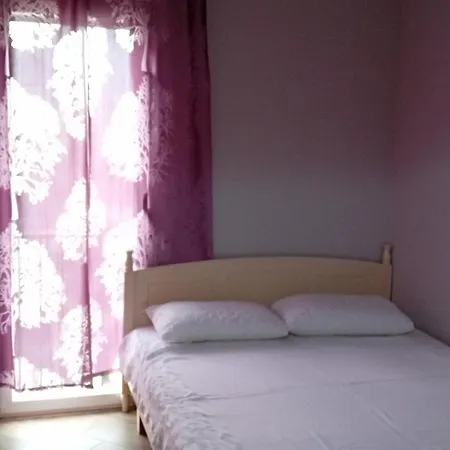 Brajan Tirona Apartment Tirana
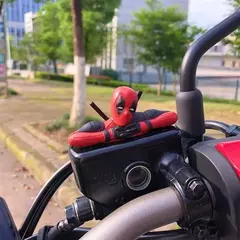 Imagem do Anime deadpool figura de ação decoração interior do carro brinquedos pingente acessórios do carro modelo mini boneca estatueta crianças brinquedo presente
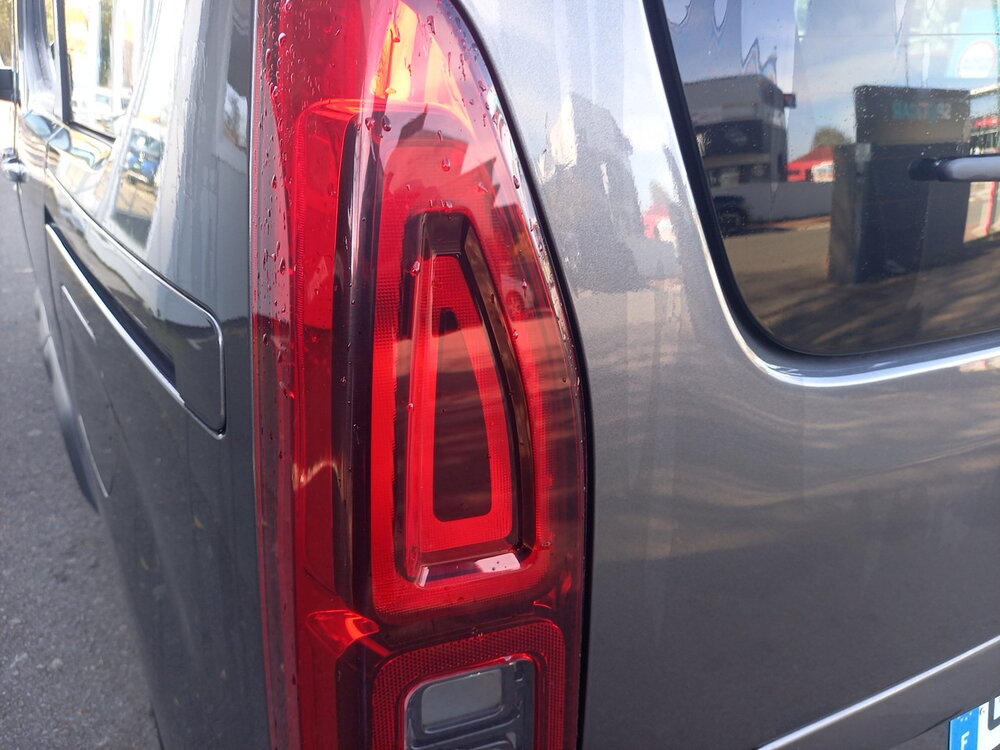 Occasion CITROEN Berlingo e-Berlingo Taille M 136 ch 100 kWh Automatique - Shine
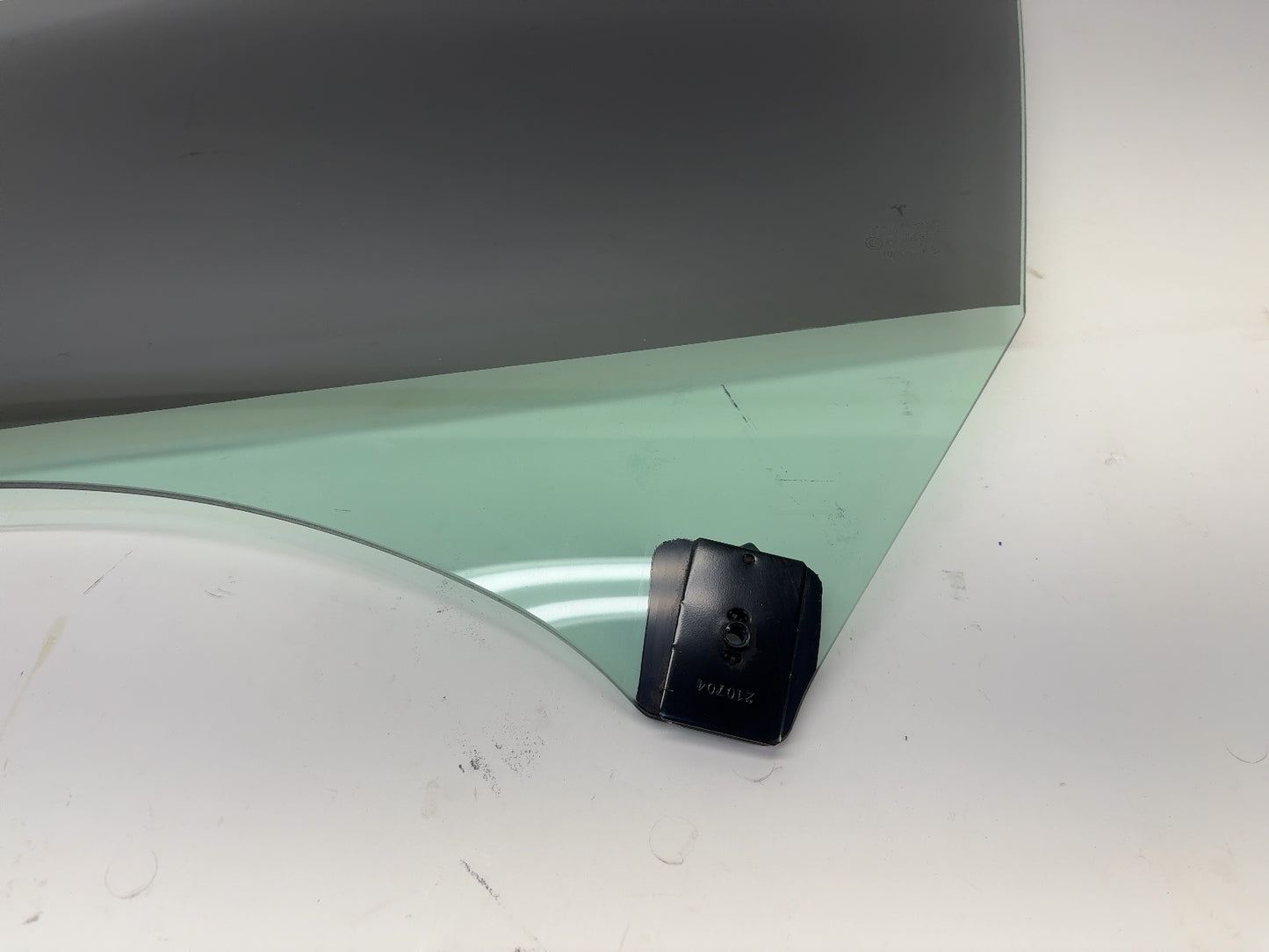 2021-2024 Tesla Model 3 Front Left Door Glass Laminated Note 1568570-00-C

---

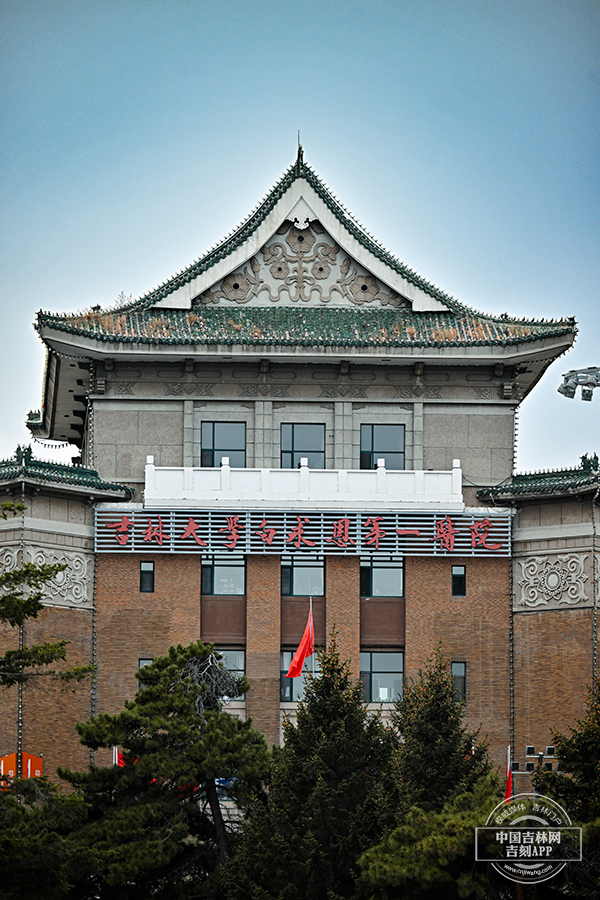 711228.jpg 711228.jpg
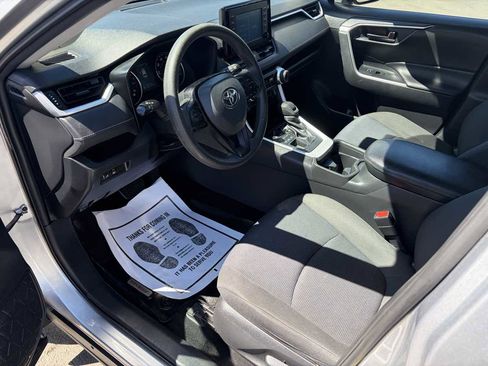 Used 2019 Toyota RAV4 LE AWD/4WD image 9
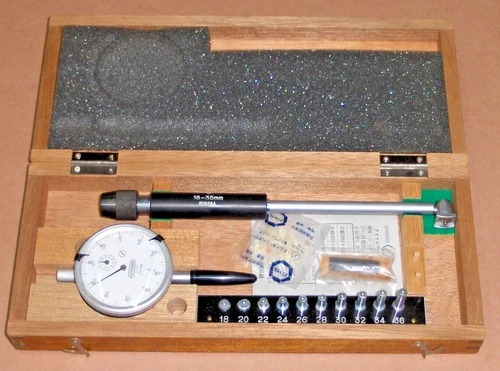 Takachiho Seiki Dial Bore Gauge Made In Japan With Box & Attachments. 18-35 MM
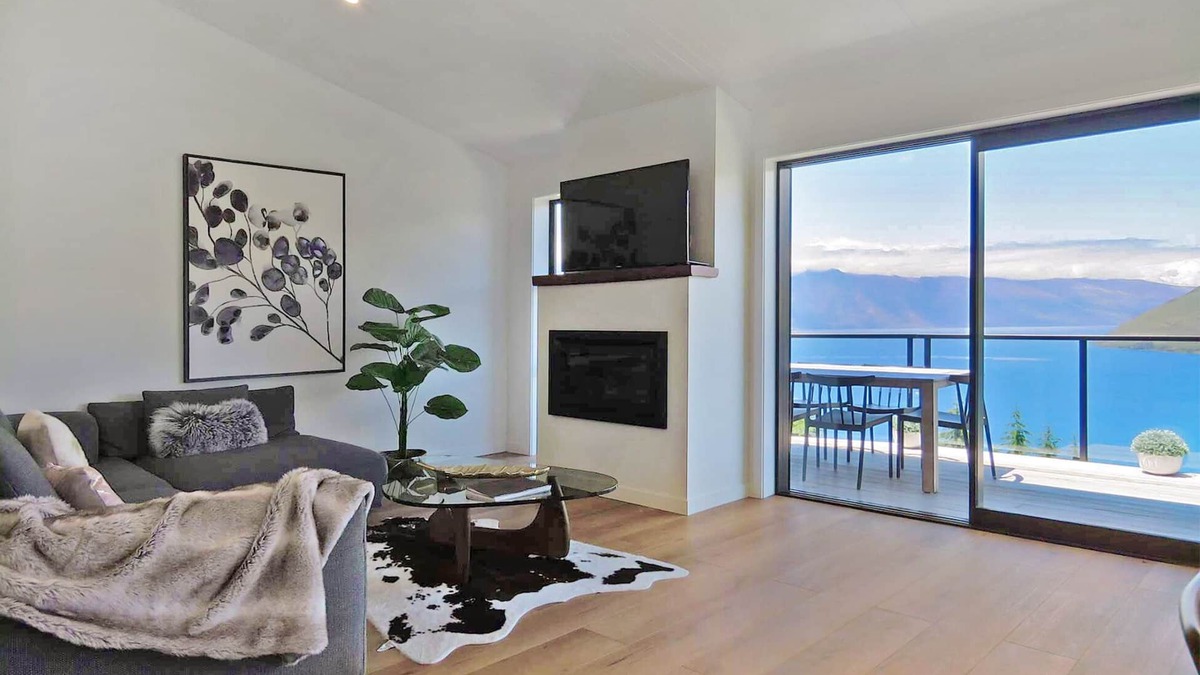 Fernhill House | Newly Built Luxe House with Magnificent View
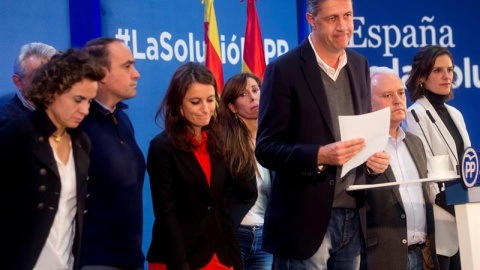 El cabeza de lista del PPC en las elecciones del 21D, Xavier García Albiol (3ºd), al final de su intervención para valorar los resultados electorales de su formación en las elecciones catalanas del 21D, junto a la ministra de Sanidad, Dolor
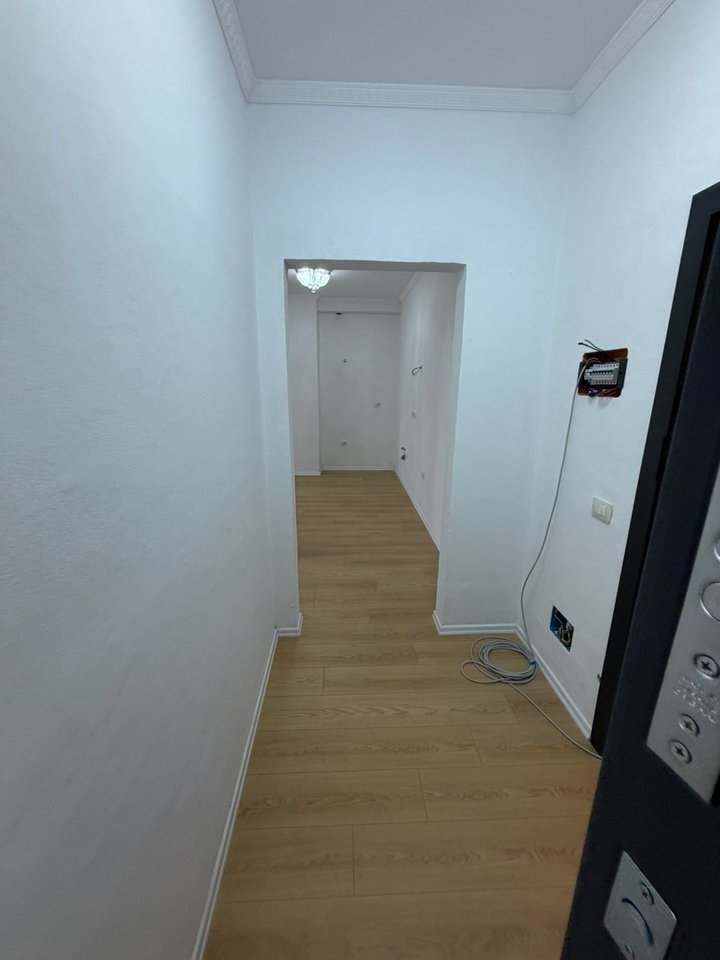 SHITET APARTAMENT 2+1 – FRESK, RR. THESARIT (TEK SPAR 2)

WHAT NEEDS TO BE DONE -
In the listing above, find the line containing "Takachiho Seiki Dial" and the line containing "SHITET APARTAMENT 2+1". Reproduce those lines and all between them exactly, with no pictures and nothing more.

RESULT FOR THIS TASK -
 Takachiho Seiki Dial Bore Gauge Made In Japan With Box & Attachments. 18-35 MM
 Fernhill House | Newly Built Luxe House with Magnificent View
 El cabeza de lista del PPC en las elecciones del 21D, Xavier García Albiol (3ºd), al final de su intervención para valorar los resultados electorales de su formación en las elecciones catalanas del 21D, junto a la ministra de Sanidad, Dolor
 SHITET APARTAMENT 2+1 – FRESK, RR. THESARIT (TEK SPAR 2)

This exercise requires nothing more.